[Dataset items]
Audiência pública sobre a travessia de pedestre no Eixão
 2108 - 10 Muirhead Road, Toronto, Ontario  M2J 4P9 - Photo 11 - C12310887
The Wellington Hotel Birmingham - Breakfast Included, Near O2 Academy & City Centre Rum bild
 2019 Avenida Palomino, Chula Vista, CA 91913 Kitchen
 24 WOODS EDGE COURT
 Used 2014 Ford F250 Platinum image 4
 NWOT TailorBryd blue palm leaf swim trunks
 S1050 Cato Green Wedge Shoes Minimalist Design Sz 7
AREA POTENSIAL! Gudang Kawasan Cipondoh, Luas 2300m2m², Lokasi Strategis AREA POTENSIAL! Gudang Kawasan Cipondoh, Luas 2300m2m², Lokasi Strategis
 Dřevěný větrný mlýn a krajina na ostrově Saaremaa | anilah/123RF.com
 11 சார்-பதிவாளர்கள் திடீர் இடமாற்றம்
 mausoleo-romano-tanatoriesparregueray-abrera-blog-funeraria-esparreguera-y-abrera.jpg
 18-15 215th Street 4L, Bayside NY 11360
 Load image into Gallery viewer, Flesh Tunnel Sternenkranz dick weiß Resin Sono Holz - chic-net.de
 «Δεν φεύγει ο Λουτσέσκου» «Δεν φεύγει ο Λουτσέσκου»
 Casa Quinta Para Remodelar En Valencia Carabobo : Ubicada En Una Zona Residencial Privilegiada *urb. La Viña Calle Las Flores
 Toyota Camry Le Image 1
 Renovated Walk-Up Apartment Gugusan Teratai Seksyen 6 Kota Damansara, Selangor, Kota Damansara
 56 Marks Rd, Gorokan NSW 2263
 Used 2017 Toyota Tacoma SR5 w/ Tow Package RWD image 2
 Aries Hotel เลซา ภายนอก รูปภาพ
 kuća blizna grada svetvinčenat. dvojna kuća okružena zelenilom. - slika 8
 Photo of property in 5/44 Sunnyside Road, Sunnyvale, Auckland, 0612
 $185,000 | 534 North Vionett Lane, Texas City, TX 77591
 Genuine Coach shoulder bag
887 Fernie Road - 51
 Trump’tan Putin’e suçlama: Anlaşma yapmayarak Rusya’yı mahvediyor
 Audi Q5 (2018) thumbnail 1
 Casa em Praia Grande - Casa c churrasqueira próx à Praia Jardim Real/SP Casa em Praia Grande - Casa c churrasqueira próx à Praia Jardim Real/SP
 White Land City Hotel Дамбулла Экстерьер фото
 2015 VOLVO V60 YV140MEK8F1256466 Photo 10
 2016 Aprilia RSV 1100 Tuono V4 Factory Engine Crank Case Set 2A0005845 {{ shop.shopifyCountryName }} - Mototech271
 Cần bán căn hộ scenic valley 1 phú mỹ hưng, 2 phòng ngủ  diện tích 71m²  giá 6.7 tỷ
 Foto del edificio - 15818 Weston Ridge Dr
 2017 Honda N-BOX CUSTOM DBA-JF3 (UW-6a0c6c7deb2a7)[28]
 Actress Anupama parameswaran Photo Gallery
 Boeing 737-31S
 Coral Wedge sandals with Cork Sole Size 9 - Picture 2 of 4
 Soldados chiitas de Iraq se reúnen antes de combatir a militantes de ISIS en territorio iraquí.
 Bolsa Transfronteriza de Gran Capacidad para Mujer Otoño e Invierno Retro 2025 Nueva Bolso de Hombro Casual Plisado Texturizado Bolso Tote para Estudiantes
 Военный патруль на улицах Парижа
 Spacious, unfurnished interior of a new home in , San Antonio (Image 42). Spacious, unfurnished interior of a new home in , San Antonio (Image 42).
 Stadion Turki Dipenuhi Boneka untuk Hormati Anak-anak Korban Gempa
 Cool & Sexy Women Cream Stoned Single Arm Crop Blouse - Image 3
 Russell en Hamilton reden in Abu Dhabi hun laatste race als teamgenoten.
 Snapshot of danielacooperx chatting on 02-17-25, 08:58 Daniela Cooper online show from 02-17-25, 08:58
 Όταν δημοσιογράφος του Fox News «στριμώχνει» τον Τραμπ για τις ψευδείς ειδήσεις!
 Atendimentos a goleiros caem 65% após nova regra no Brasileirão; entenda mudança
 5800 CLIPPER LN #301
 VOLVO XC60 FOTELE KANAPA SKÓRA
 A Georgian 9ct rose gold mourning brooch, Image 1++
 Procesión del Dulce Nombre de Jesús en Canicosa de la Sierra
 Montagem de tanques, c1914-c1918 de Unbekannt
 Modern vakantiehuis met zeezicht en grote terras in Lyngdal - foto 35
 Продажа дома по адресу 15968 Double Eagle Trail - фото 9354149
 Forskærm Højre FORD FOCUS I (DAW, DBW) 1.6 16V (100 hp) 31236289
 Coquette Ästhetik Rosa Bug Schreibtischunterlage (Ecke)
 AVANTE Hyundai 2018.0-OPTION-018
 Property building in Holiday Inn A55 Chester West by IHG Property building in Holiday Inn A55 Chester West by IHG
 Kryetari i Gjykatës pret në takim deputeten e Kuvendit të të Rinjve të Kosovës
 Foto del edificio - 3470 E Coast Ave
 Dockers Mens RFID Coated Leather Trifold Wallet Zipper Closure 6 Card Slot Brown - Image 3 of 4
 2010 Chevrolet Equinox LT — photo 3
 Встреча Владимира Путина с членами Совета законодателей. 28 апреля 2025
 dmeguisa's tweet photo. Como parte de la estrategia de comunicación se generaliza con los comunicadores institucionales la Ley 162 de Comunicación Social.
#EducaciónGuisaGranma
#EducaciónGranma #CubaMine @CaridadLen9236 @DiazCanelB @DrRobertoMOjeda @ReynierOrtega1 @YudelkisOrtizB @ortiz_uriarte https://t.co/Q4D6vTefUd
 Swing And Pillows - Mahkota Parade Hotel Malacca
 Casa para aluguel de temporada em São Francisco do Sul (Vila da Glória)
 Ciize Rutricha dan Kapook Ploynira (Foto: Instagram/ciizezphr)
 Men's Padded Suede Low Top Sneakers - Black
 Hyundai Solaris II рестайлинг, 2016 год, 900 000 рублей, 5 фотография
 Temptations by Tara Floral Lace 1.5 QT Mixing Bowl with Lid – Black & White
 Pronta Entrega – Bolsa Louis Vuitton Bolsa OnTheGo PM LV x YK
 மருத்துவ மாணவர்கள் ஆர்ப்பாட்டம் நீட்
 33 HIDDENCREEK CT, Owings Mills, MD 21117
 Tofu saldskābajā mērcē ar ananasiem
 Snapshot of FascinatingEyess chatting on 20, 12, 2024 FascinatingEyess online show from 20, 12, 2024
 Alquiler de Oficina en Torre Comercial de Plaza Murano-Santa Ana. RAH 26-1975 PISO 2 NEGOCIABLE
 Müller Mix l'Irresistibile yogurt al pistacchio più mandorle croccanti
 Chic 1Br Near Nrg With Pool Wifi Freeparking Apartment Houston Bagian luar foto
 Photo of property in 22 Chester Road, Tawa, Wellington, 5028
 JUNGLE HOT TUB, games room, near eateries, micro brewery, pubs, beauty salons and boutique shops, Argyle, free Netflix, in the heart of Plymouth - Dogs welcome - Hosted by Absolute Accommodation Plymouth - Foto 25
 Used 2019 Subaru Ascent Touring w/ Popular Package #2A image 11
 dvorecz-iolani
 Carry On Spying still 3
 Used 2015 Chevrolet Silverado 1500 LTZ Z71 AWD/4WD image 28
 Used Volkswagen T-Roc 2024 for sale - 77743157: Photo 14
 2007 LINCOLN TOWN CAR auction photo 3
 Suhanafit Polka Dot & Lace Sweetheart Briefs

Task requirements:
Your task is to quote, without any alteration, the lines running from the top of the records to the line that holds "18-15 215th Street 4L, Bayside NY 11360", both included.

Response box:
Audiência pública sobre a travessia de pedestre no Eixão
 2108 - 10 Muirhead Road, Toronto, Ontario  M2J 4P9 - Photo 11 - C12310887
The Wellington Hotel Birmingham - Breakfast Included, Near O2 Academy & City Centre Rum bild
 2019 Avenida Palomino, Chula Vista, CA 91913 Kitchen
 24 WOODS EDGE COURT
 Used 2014 Ford F250 Platinum image 4
 NWOT TailorBryd blue palm leaf swim trunks
 S1050 Cato Green Wedge Shoes Minimalist Design Sz 7
AREA POTENSIAL! Gudang Kawasan Cipondoh, Luas 2300m2m², Lokasi Strategis AREA POTENSIAL! Gudang Kawasan Cipondoh, Luas 2300m2m², Lokasi Strategis
 Dřevěný větrný mlýn a krajina na ostrově Saaremaa | anilah/123RF.com
 11 சார்-பதிவாளர்கள் திடீர் இடமாற்றம்
 mausoleo-romano-tanatoriesparregueray-abrera-blog-funeraria-esparreguera-y-abrera.jpg
 18-15 215th Street 4L, Bayside NY 11360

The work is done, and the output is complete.